Project quarterly credit losses over the CCAR horizon.

Quarterly PD is derived from annual PD

PD_q = 1 - (1 - PD_annual)^(1/4)

The stress multiplier is then applied to the quarterly PD.

Parameters:

Name	Type	Description	Default
base_pds	ndarray	Annual PDs (n_exposures,).	required
base_lgds	ndarray	Baseline LGDs (n_exposures,).	required
base_eads	ndarray	Baseline EADs (n_exposures,).	required
pd_quarterly_multipliers	ndarray | None	Optional quarterly PD stress factors (horizon_quarters,). Defaults to 1.0 each quarter.	None
lgd_add_ons_quarterly	ndarray | None	Optional LGD add-ons per quarter (horizon_quarters,). Defaults to 0.0.	None

Returns:

Type	Description
dict[str, Any]	Dict with quarterly_losses matrix, per-quarter totals,
dict[str, Any]	cumulative loss trajectory, and total loss.

Source code in creditriskengine\portfolio\stress_testing.py

def project_quarterly_losses(
    self,
    base_pds: np.ndarray,
    base_lgds: np.ndarray,
    base_eads: np.ndarray,
    pd_quarterly_multipliers: np.ndarray | None = None,
    lgd_add_ons_quarterly: np.ndarray | None = None,
) -> dict[str, Any]:
    """Project quarterly credit losses over the CCAR horizon.

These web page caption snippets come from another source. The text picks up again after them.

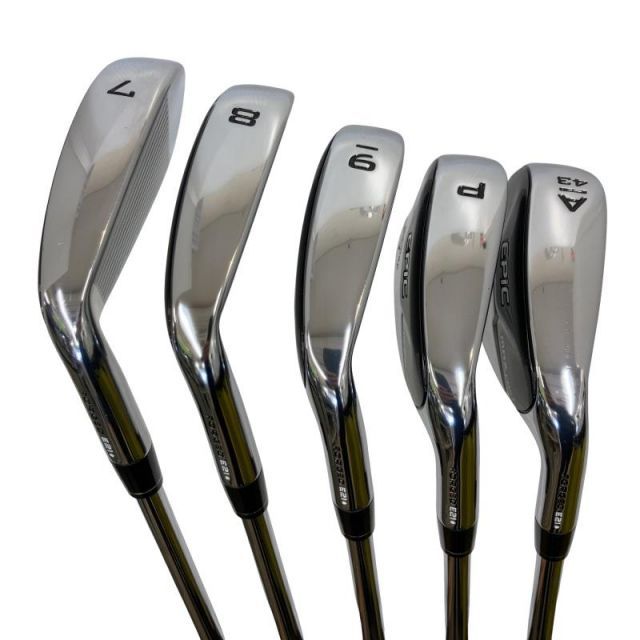 中古】 キャロウェイ EPIC MAX FAST 5S アイアンセット IR NS PRO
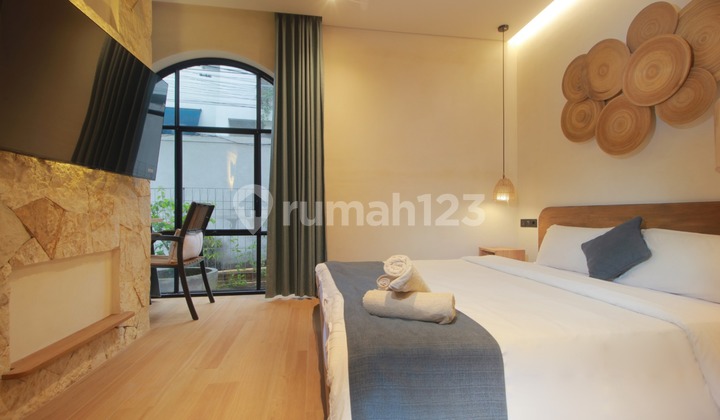 Apartemen Menawan di Kawasan Pererenan yang Damai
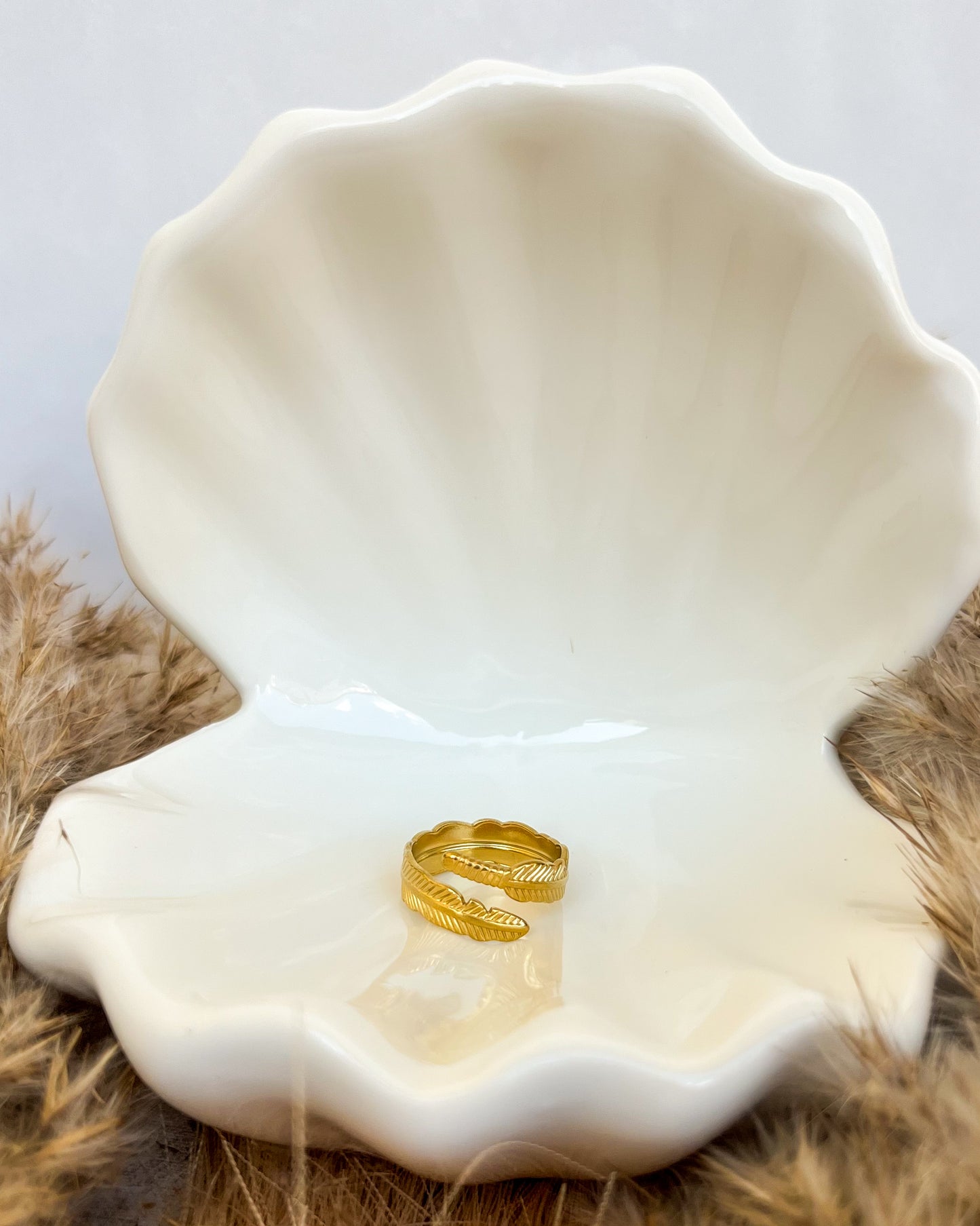 Bague Nefertiti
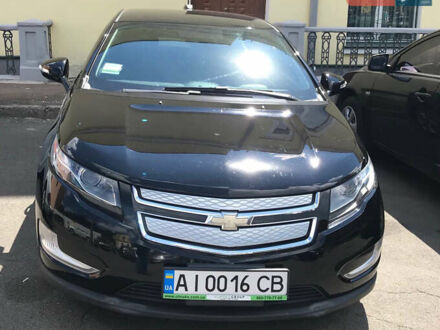 Шевроле Вольт 2015 в Василькове на Automoto.ua Черный Шевроле Вольт, объемом двигателя 1.4 л и пробегом 161 тыс. км за 13500 $, фото 1 на Automoto.ua
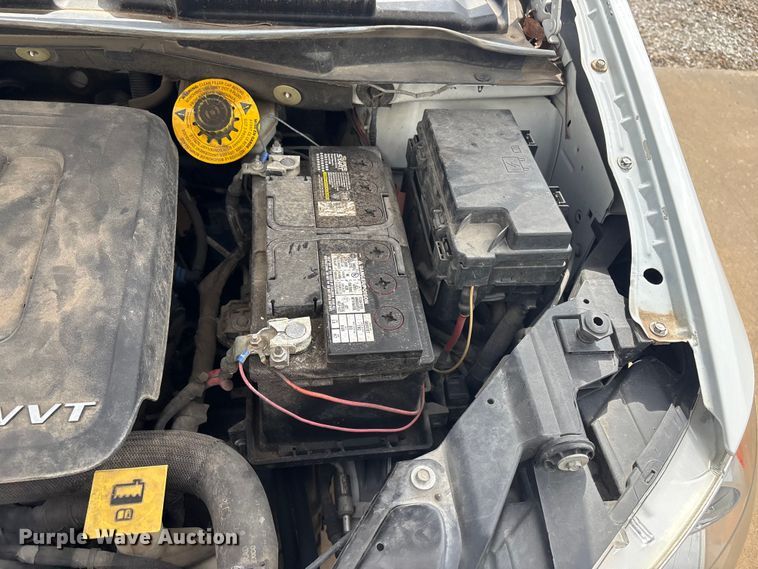 image for item EV2791 2018 Dodge Grand Caravan handicap accessible van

    Quarterly PD is derived from annual PD:
        PD_q = 1 - (1 - PD_annual)^(1/4)
    The stress multiplier is then applied to the quarterly PD.

    Args:
        base_pds: Annual PDs (n_exposures,).
        base_lgds: Baseline LGDs (n_exposures,).
        base_eads: Baseline EADs (n_exposures,).
        pd_quarterly_multipliers: Optional quarterly PD stress factors
            (horizon_quarters,). Defaults to 1.0 each quarter.
        lgd_add_ons_quarterly: Optional LGD add-ons per quarter
            (horizon_quarters,). Defaults to 0.0.

    Returns:
        Dict with quarterly_losses matrix, per-quarter totals,
        cumulative loss trajectory, and total loss.
    """
    base_pds = np.asarray(base_pds, dtype=np.float64)
    base_lgds = np.asarray(base_lgds, dtype=np.float64)
    base_eads = np.asarray(base_eads, dtype=np.float64)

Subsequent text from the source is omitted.